2019-01-31T12:18:59.583Z cpu7:2097620)DMA: 724: DMA Engine 'cumulus-co-0000:05:00.0' destroyed.
2019-01-31T12:18:59.583Z cpu7:2097620)WARNING: bnxtnet: bnxtnet_attach_device:208: [0000:05:00.0 : 0x4309fd3bfe10] failed to find cumulus device (status: Failure)
2019-01-31T12:18:59.583Z cpu7:2097620)Device: 2628: Module 22 did not claim device 0x1bd34305d9cc7d46.
2019-01-31T12:18:59.584Z cpu7:2097620)bnxtnet: bnxtnet_initialize_devname:61: [0000:05:00.1 : 0x4309fd3bfe10] PCI device 16d2:14e4:4060:14e4 detected
2019-01-31T12:18:59.584Z cpu7:2097620)bnxtnet: bnxtnet_dev_probe:1275: [0000:05:00.1 : 0x4309fd3bfe10] Starting Cumulus device probe
2019-01-31T12:18:59.585Z cpu7:2097620)DMA: 679: DMA Engine 'cumulus-0000:05:00.1' created using mapper 'DMANull'.
2019-01-31T12:18:59.585Z cpu7:2097620)DMA: 679: DMA Engine 'cumulus-co-0000:05:00.1' created using mapper 'DMANull'.
2019-01-31T12:18:59.585Z cpu7:2097620)VMK_PCI: 914: device 0000:05:00.1 pciBar 0 bus_addr 0x91c00000 size 0x10000
2019-01-31T12:18:59.585Z cpu7:2097620)bnxtnet: bnxtnet_map_pci_mem:784: [0000:05:00.1 : 0x4309fd3bfe10] mapped pci bar 0 at vaddr 0x450196500000
2019-01-31T12:18:59.585Z cpu7:2097620)VMK_PCI: 914: device 0000:05:00.1 pciBar 2 bus_addr 0x91c10000 size 0x10000
2019-01-31T12:18:59.585Z cpu7:2097620)bnxtnet: bnxtnet_map_pci_mem:784: [0000:05:00.1 : 0x4309fd3bfe10] mapped pci bar 2 at vaddr 0x450196520000
2019-01-31T12:18:59.585Z cpu7:2097620)VMK_PCI: 914: device 0000:05:00.1 pciBar 4 bus_addr 0x91c40000 size 0x2000
2019-01-31T12:18:59.585Z cpu7:2097620)bnxtnet: bnxtnet_map_pci_mem:784: [0000:05:00.1 : 0x4309fd3bfe10] mapped pci bar 4 at vaddr 0x45019469c000
2019-01-31T12:19:00.090Z cpu7:2097620)WARNING: bnxtnet: hwrm_send_msg:168: [0000:05:00.1 : 0x4309fd3bfe10] HWRM cmd resp_len timeout, cmd_type 0x0(HWRM_VER_GET) seq 0
2019-01-31T12:19:00.090Z cpu7:2097620)DMA: 724: DMA Engine 'cumulus-0000:05:00.1' destroyed.

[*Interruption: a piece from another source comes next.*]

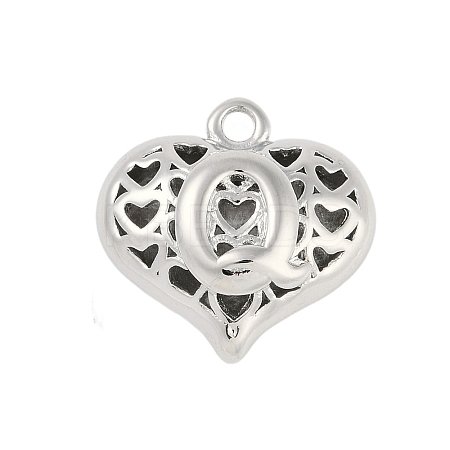 Hollow Brass Pendants for Valentine's Day KK-M289-03Q-P-1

2019-01-31T12:19:00.090Z cpu7:2097620)DMA: 724: DMA Engine 'cumulus-co-0000:05:00.1' destroyed.
2019-01-31T12:19:00.090Z cpu7:2097620)WARNING: bnxtnet: bnxtnet_attach_device:208: [0000:05:00.1 : 0x4309fd3bfe10] failed to find cumulus device (status: Failure)

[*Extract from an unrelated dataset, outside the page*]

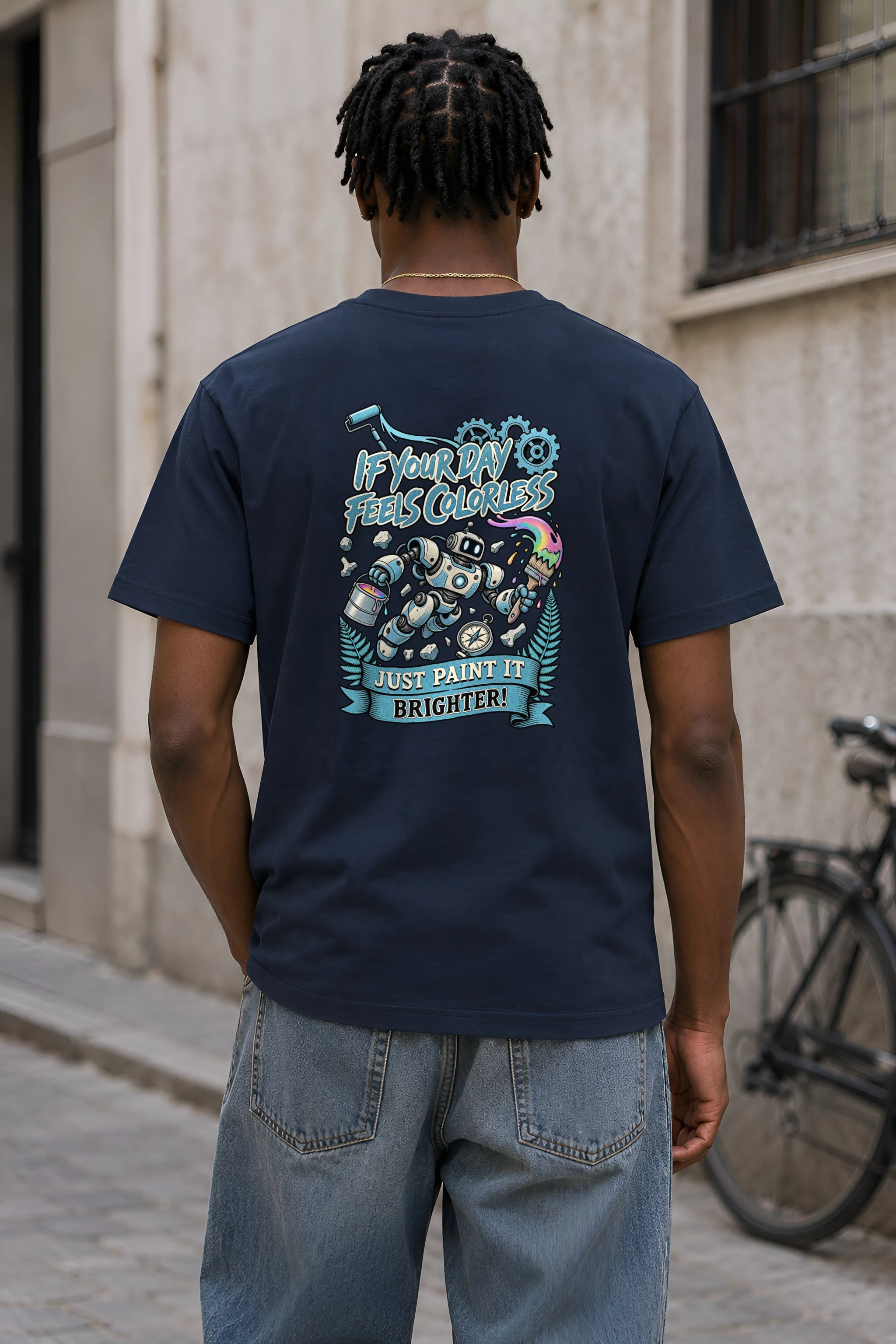 "Paint It Brighter" Heavyweight Unisex Crewneck T-shirt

2019-01-31T12:19:00.090Z cpu7:2097620)Device: 2628: Module 22 did not claim device 0x602e4305d9cc7eef.
The server with the working nic is actually working with the older driver
bnxtnet 20.6.101.7-11vmw.670.0.0.8169922 VMW VMwareCertified 2019-01-16
bnxtroce 20.6.101.0-20vmw.670.1.28.10302608 VMW VMwareCertified 2019-01-16
But I have tried the older and the newest version on the other three
bnxtnet 212.0.119.0-1OEM.670.0.0.8169922 BCM VMwareCertified 2019-01-31
bnxtroce 212.0.114.0-1OEM.670.0.0.8169922 BCM VMwareCertified 2019-01-31
I have swapped nics between the servers and the results are the same... the server with the working nic works with any of the nics and the other three servers won't so the physical nic cards are fine.
I don't know if this is a vmware or Dell issue.
Any ideas/thoughts on possible issues or other things to try? Next step is to swap the Dell PCI riser and see if maybe somehow that might be an issue.